The U.S. military's Task Force Falcon said in a statement that search operations would continue until the areas along the boundary "have been thoroughly cleared."

In the operation Wednesday, troops of the U.S. 1st Infantry Division, using helicopters and armored vehicles, seized more than 200 uniforms, 22 crates of rifle and machine gun ammunition, two mortars, 28 hand grenades, seven rifles, six land mines and other military supplies, the military said.

Task Force Falcon said the sites "were clearly being used as cache sites for weapons, ammunition and supplies" for "fringe or extremist elements operating in Kosovo, Macedonia or the Presevo Valley" of southern Serbia.

The action reflects concern by the United States and other Western governments about cross-border raids by ethnic Albanian militants from Kosovo into the Presevo Valley, which has a substantial ethnic Albanian population.

NATO officials said about 300 American troops carried out the operation and that the uniforms seized in the raids included black and red insignias of the "Liberation Army of Presevo, Medvedja and Bujanovac," after three predominantly ethnic Albanian towns across the boundary in southern Serbia.

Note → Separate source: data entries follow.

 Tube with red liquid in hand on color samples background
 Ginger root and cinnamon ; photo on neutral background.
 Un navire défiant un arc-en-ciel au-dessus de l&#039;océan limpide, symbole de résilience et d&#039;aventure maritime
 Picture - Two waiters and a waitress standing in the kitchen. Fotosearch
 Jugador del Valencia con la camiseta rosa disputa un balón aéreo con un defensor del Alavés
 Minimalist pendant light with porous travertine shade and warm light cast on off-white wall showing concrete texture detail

Known by its Albanian acronym UCPMB, its fighters say they are trying to protect villagers in the region from brutal attacks by Serb forces.

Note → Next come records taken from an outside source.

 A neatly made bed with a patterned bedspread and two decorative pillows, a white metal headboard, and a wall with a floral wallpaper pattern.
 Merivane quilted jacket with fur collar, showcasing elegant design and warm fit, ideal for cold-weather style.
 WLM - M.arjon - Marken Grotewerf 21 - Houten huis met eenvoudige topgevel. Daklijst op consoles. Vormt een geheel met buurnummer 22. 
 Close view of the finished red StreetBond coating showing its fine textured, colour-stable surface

Serb police have stepped up their own operations within the area, which is not part of the territory included in the mandate of the NATO-led peacekeeping mission, which came to Kosovo in June after the 78-day NATO bombing campaign against Yugoslavia.

The boundary between the Presevo Valley and Kosovo is patrolled by American troops, and Washington clearly wants to demonstrate that it will not allow Kosovo to be used as a staging area for ethnic Albanian attacks in the rest of southern Serbia.

"Any insurgent activity that endangers the progress achieved to date in Kosovo will not be tolerated, regardless of the nature of the group engaged in such activity," the military said.

Ethnic Albanian attacks on Serb police in Kosovo more than a year ago prompted Yugoslav President Slobodan Milosevic to crack down on ethnic Albanians. Hundreds of thousands were expelled from their homes before the American and NATO air bombardment forced Milosevic to retreat.

State Department spokesman James P. Rubin delivered a stern message to ethnic Albanian leaders this week in an effort to head off any attempt to repeat the scenario across Kosovo's eastern border in Serbia.

"I believe they understand the seriousness of the situation and that we are coming at them as a friend," Rubin said Wednesday in Washington. "I hope they will do more to prevent these things from happening."